A quantum dot can be viewed as a small 'box' which traps a controllable number of electrons. This box is coupled to one or more gate electrodes with which the number of electrons on the dot can be varied. The researchers developed a new technology to make extremely clean nanotube quantum dots. This makes it possible to capture a single electron in a nanotube. Moreover, the researchers succeeded in making the first highly-controllable single electron double dot.

Controlling quantum dots

One of the pipe dreams within quantum mechanics is the construction of a super-powerful quantum computer. In order to do this, it must be possible to manipulate the electron spin of the quantum dots. That would enable quantum information to be stored and read again. However, up until now it has proved impossible to accurately control double quantum dots in nanotubes (two quantum dots linked together) that capture only a single electron.

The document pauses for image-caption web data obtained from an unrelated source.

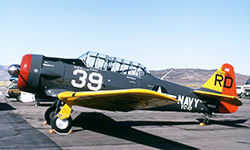 T-6 Racers 1989-1997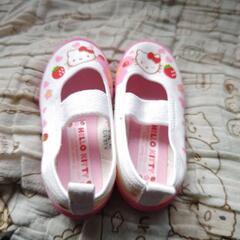 中ズック(上履き)14cmの画像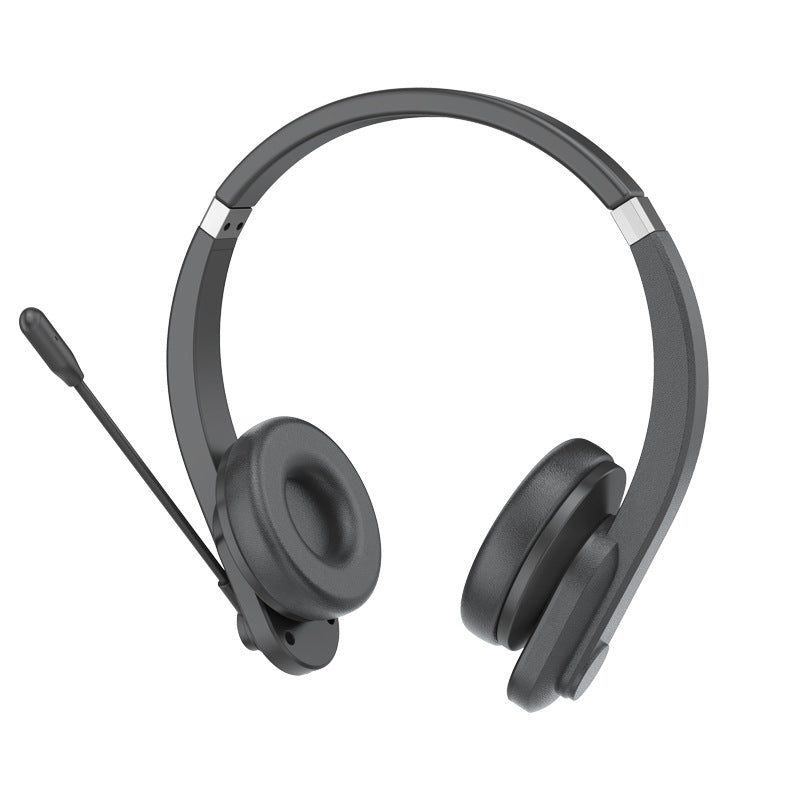 Noise-Canceling Headset Bowlift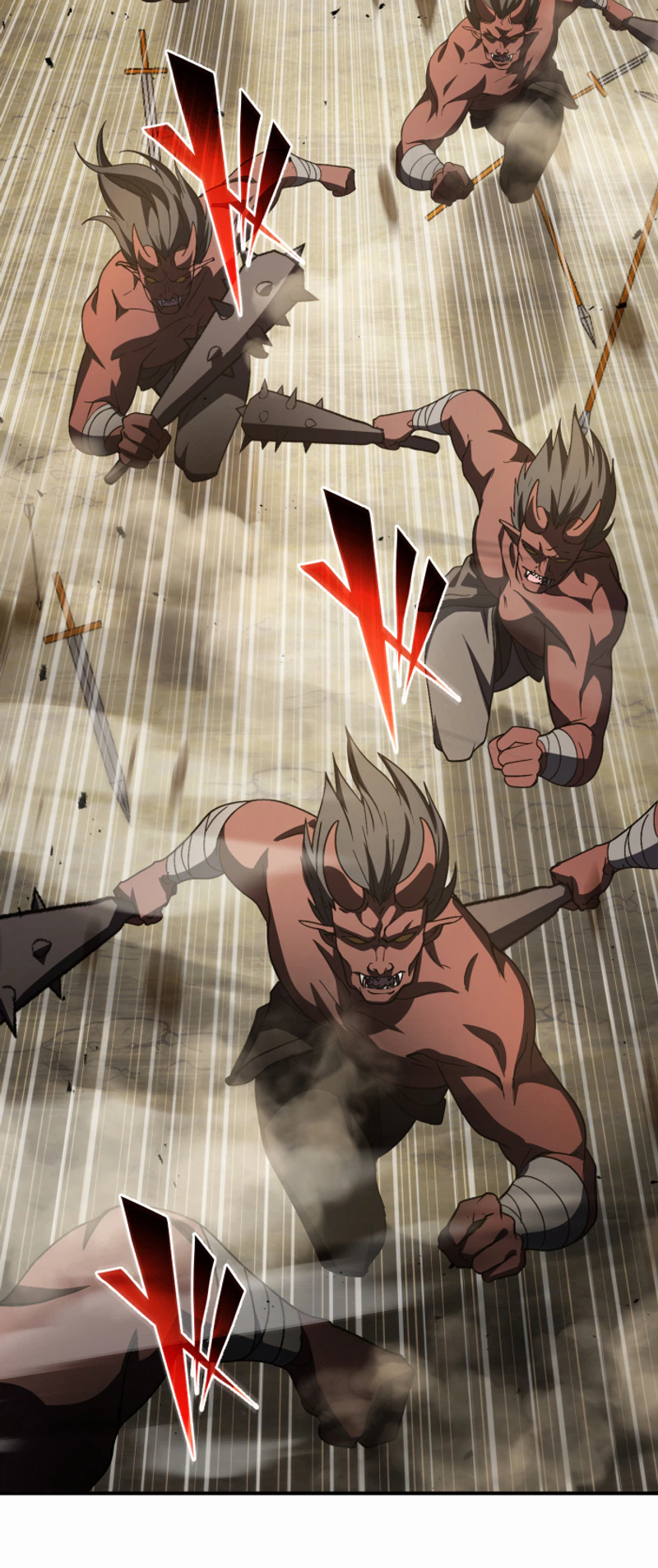 Reincarnated as the Youngest Son of a Demon Swordsman Family Chapter 20 Page 36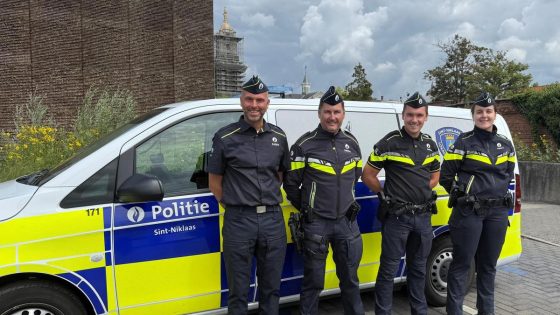 Nieuwe uitrusting voor politie: “Herkenbaar en uniform voor alle korpsen”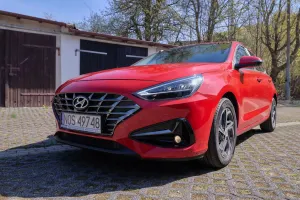 Hyundai i30 III (2017-) 1.5 DPI Comfort 2022
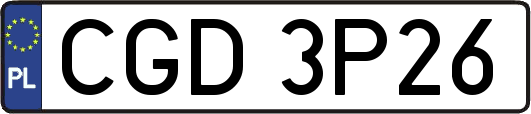 CGD3P26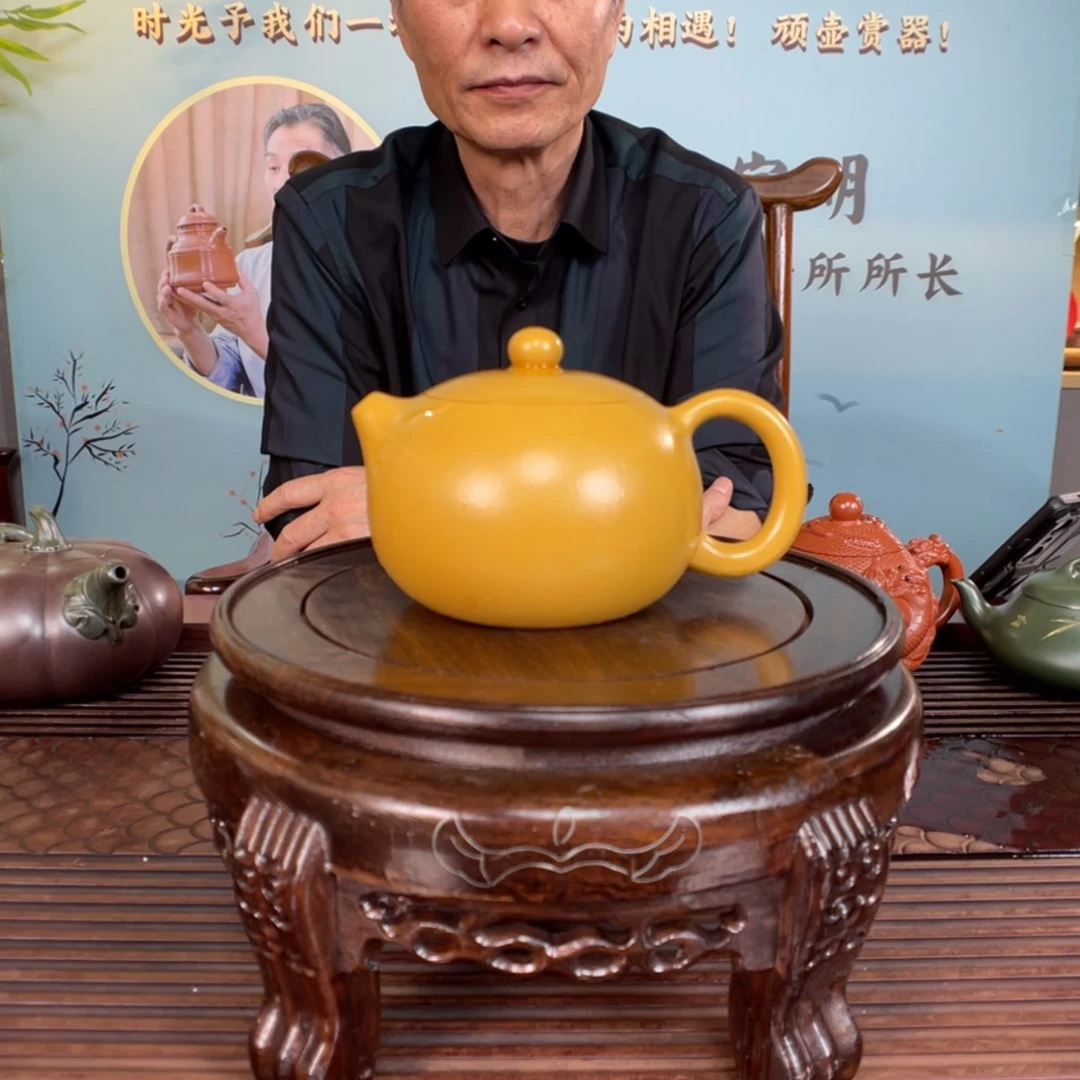 【闪购商品】紫砂茶壶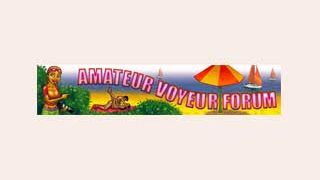 Amateur Voyeur Forum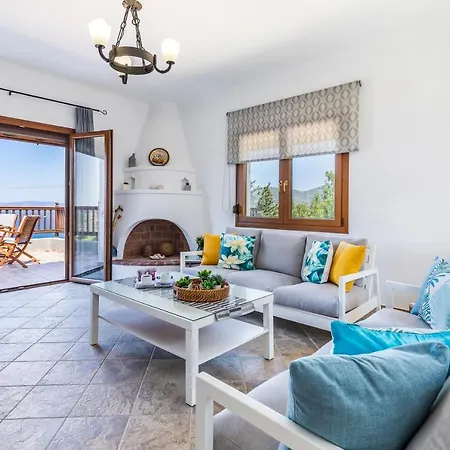 Margini, Aegean Views , Pool Villa, Villa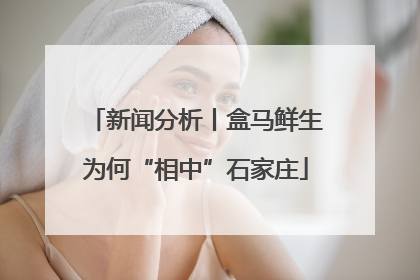 新闻分析丨盒马鲜生为何“相中”石家庄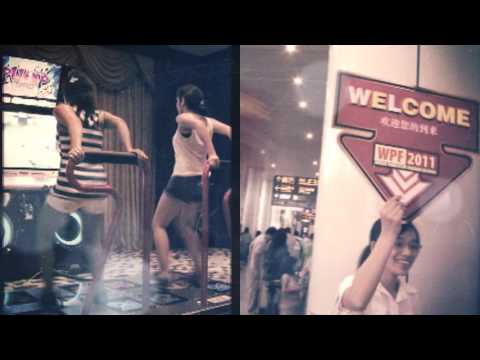 Pump it up WPF 2016 promo video Andamiro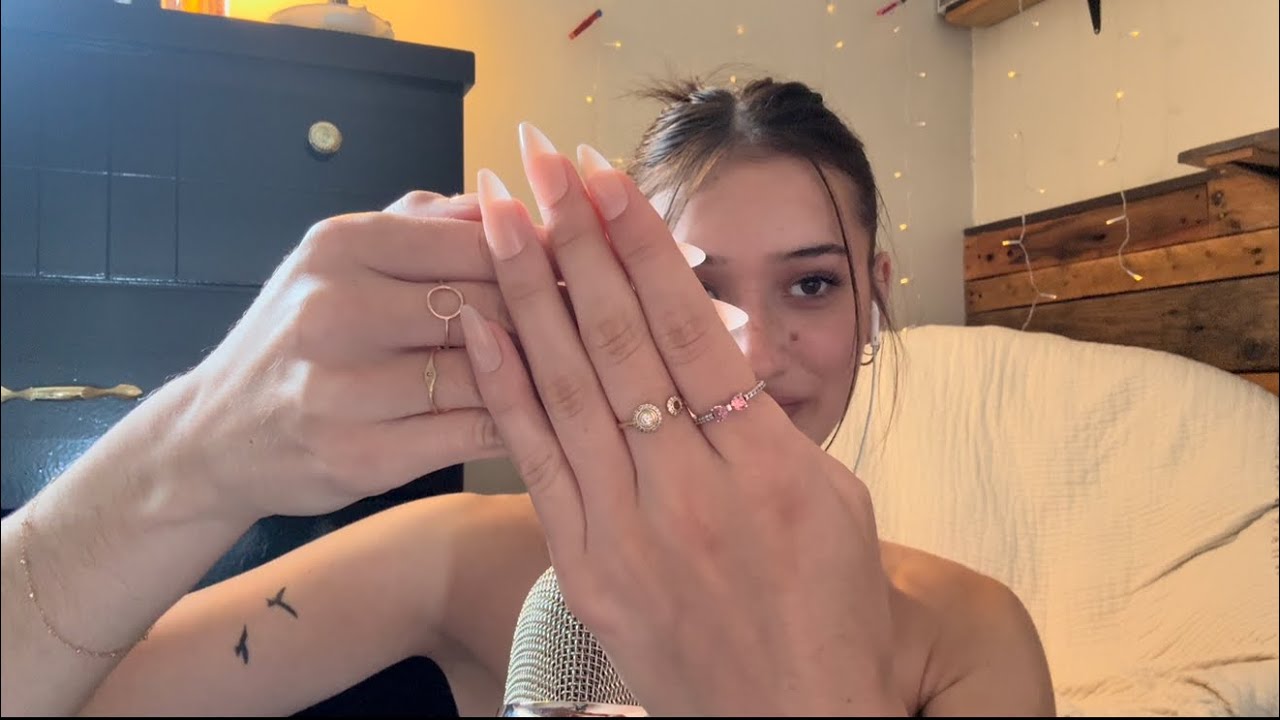 ASMR Jewelry Collection & Triggers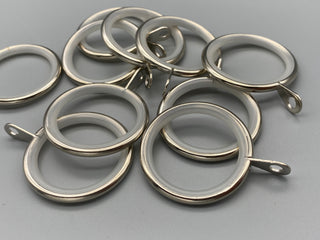 Silent Pole Ring - Chrome ID ø 34.5mm / 1.36" - Pack of 500 Rings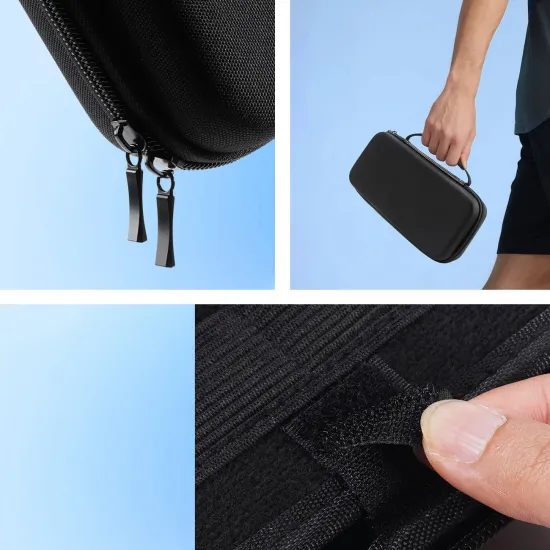 Калъф Dux Ducis за Nintendo Switch 2, черен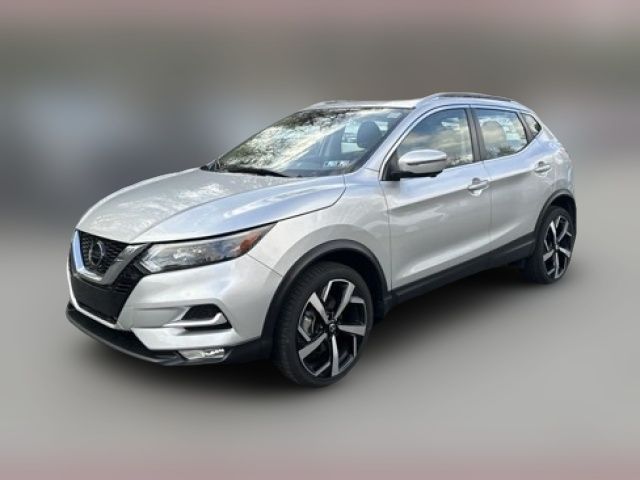 2022 Nissan Rogue Sport SL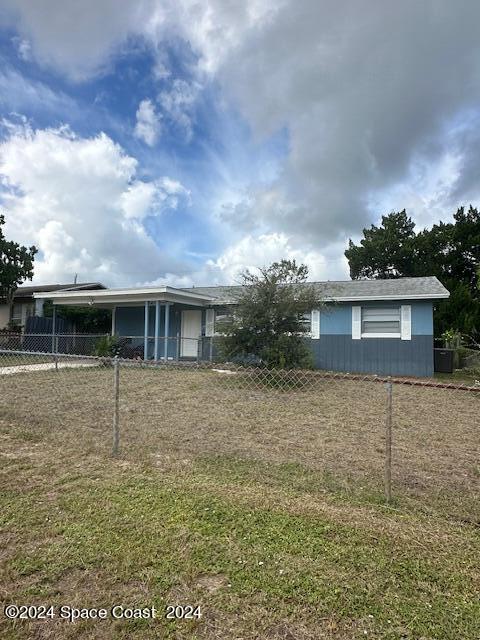 Allendale St, Titusville, FL 32796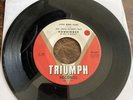 Rare Little Marie Allen Humdinger Oh Oh I'm In Love  Triumph Records 45 RPM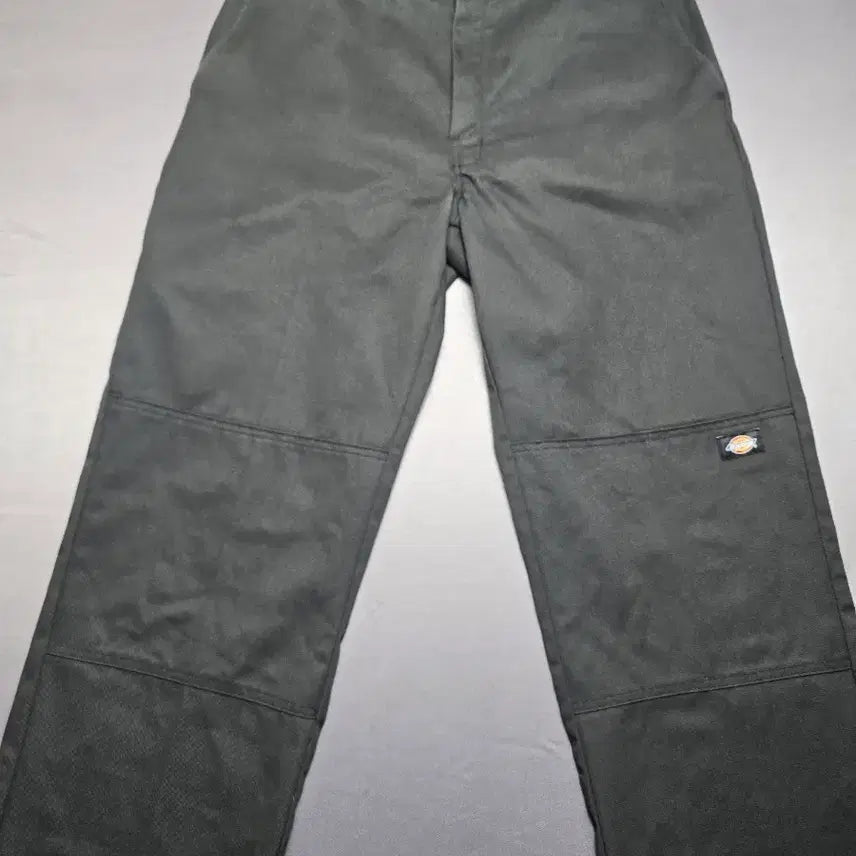 [BUNJANG] Dickies Double Knee Twill Pants Black / 디키즈 더블니트 팬츠 블랙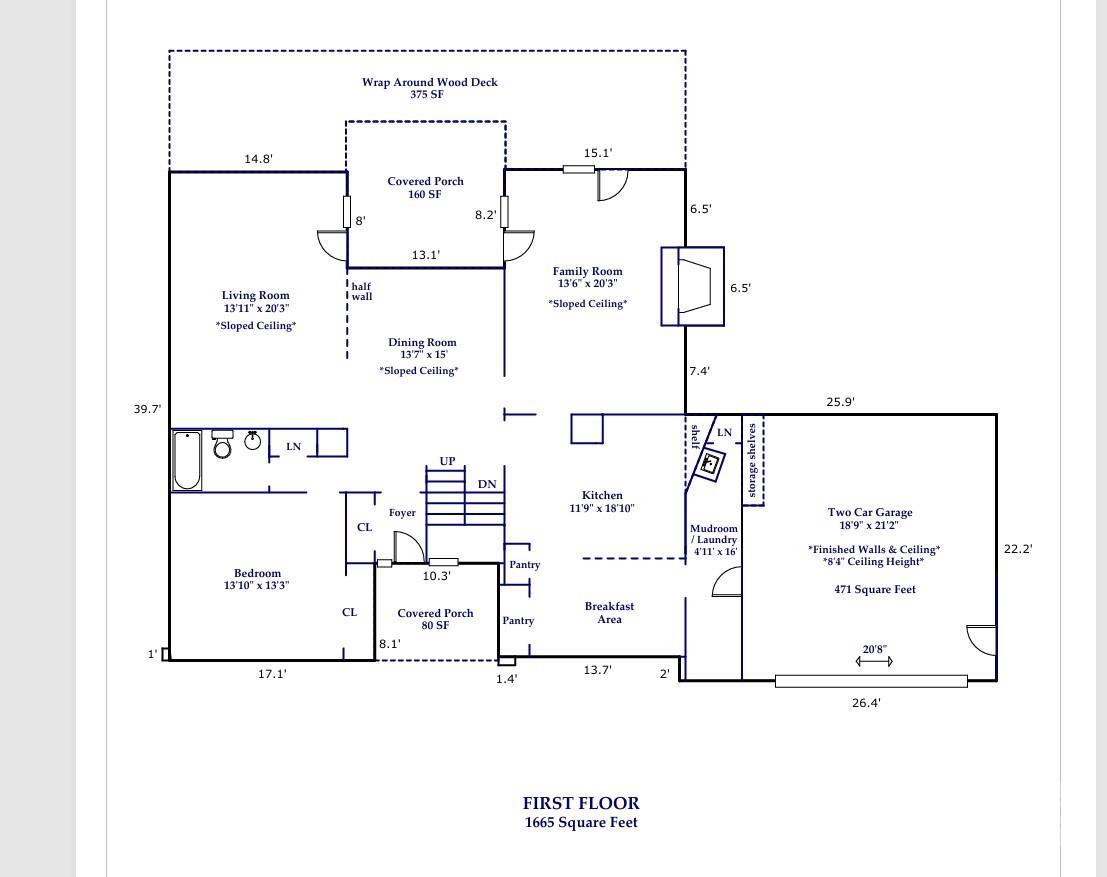 10 Chestnut Ridge Rd., Mills River, NC 28759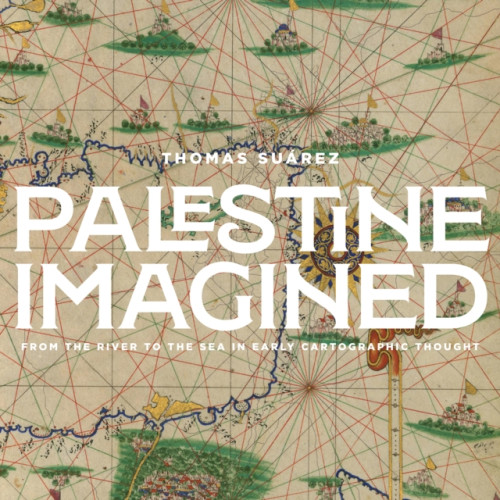 Interlink Publishing Group, Inc Palestine Mapped (inbunden, eng)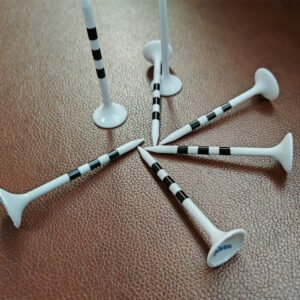 Golf driving range Tees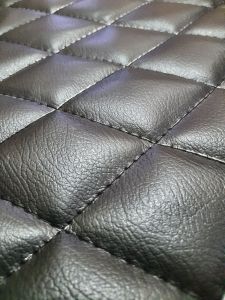 Cover Alas Dashboard Motif Wajik Bahan Kulit Avanza Xenia 2011-2021 Pelindung Penutup bisa reqwest
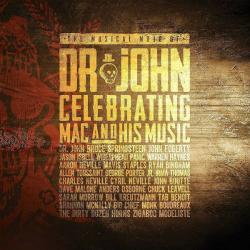VA - The Musical Mojo Of Dr. John Celebrating Mac And His Music (2016)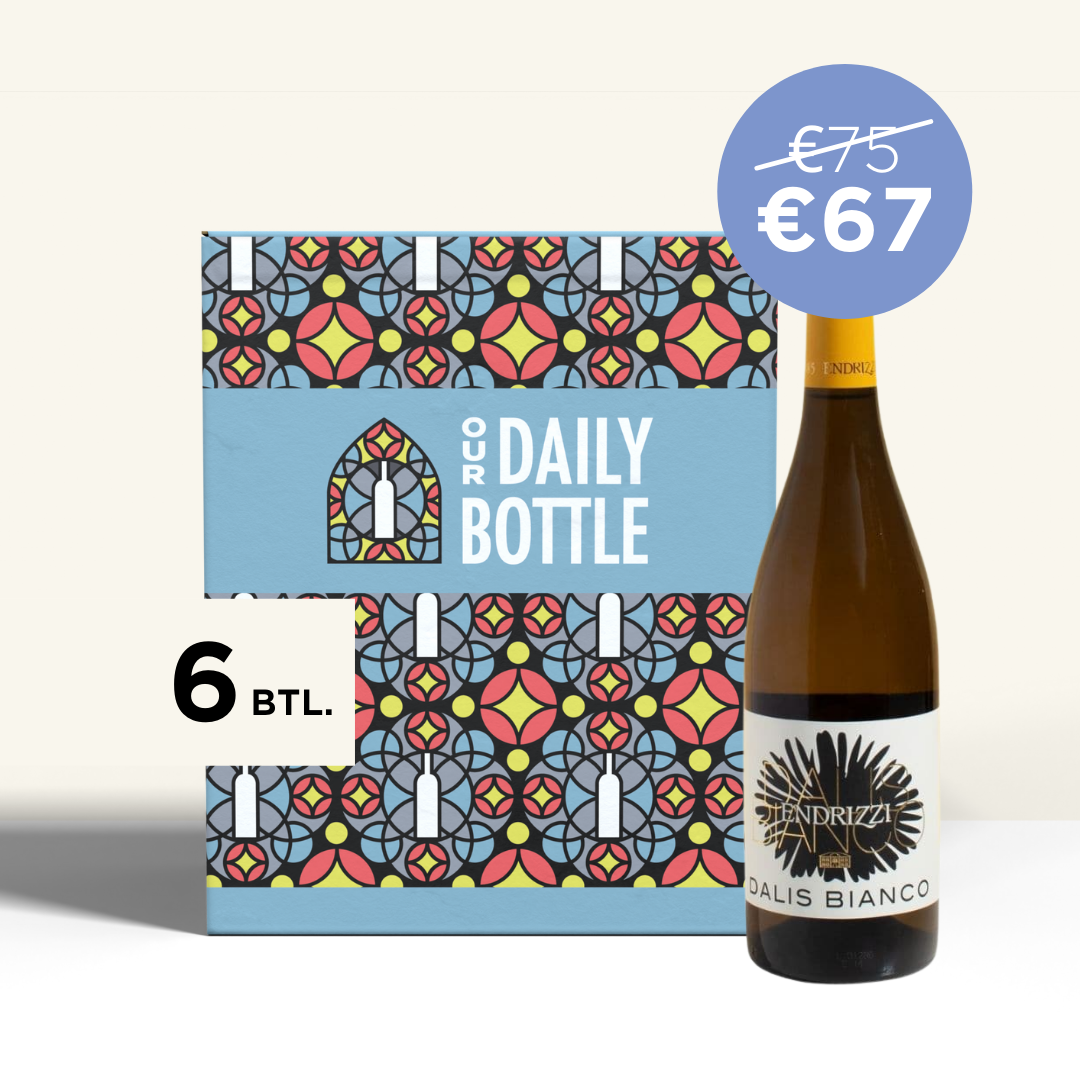 Endrizzi Dalis Bianco 2019 freeshipping - Our Daily Bottle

The researchers used silicon electrodes positioned close to the ultraclean nanotube to accurately control the number of electrons of the quantum dot. Three electrodes were used in the research, although more electrodes can be incorporated. The ultraclean tube ensures that no disruption occurs in the manipulation of the electrons.

Tunnelling

Whilst studying the double quantum dot, the researchers discovered a new type of tunnelling that is analogous to tunnelling according to the Klein paradox. Tunnelling is an effect in which rapidly moving electrons can fly straight through obstacles. The particle goes straight through a barrier even though it does not have enough energy to go over the barrier. Normally tunnelling ceases as soon as the barrier is too large. The famous Klein paradox predicts that if the barrier is made even bigger still, tunnelling can once again take place due to the influence of relativistic quantum mechanics.

In the case of normal tunnelling, electrons can only move from one quantum dot to another due to the tunnel coupling of the wave functions on both sides of the energy barrier within the double quantum dot. Researchers used the silicon gate electrodes to manipulate the barrier and observed tunnelling could become enhanced even though the barrier was increasing, as predicted in the Klein paradox. This method of tunnelling emphasises the close relationship between the physics of semiconductors, such as those in this research, and high-energy physics.

The research took place at the Kavli Institute for Nanoscience of Delft University of Technology. The first author of the article in Nature Nanotechnology is Gary Steele. Gary Steele, Georg Götz and Leo Kouwenhoven carried out the research with the aid of a grant from the Foundation for Fundamental Research on Matter (FOM) and NWO. Leo Kouwenhoven received the NWO/Spinoza Award in 2007.